P-quasi complete linkage clustering method for gene-expression profiles based on distribution analysis
Shigeto Seno1, Reiji Teramoto2, Yoichi Takenaka, Hideo Matsuda
1s-senoo@ist.osaka-u.ac.jp, Department of Bioinformatic Engineering, Graduate School of Information Science and Technology, Osaka University; 2teramoto@sumitomopharm.co.jp, Genomic Science Laboratories, Research Division, Sumitomo Pharmaceuticals
In order to find the function of genes from gene-expression profiles, the hierarchical clustering with correlation coefficient, in general, has been used. This method, however, has a serious problem in terms of representation capability of relationship. The resulting dendrogram by the method can represent only simple similarity relationships between genes.

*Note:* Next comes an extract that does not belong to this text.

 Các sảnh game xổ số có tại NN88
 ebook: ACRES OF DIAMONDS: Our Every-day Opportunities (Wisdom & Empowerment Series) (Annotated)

In other words, it looses a lot of useful information except for the largest
score of correlation coefficient.
To cope with the problem, we propose a new clustering method with the following
two features. First, the proposed method exploits a new similarity measure based
on distribution of gene expressions. This measure allows us to find weak relationship
between a pair of genes that cannot be clarified or by correlation coefficient.
Second, the proposed clustering method leverages the P-quasi complete linkage algorithm
for describing clusters. The P-quasi complete linkage graph satisfies the condition
that any member in one group has linkages to at least P% of all the members within
the group. With the algorithm, members that do not always have sufficient similarity
to each other can be clustered if they have linkages to more than P% of all the members.
This fact means that the algorithm facilitates us to find relationships among
multiple genes. The synergy of the two features provides more informative clustering
in comparison with the hierarchical clustering with correlation coefficient.
In the poster, we will show the effectiveness and usefulness of the proposed
clustering method through the gene-expression profile analysis of cancer patients.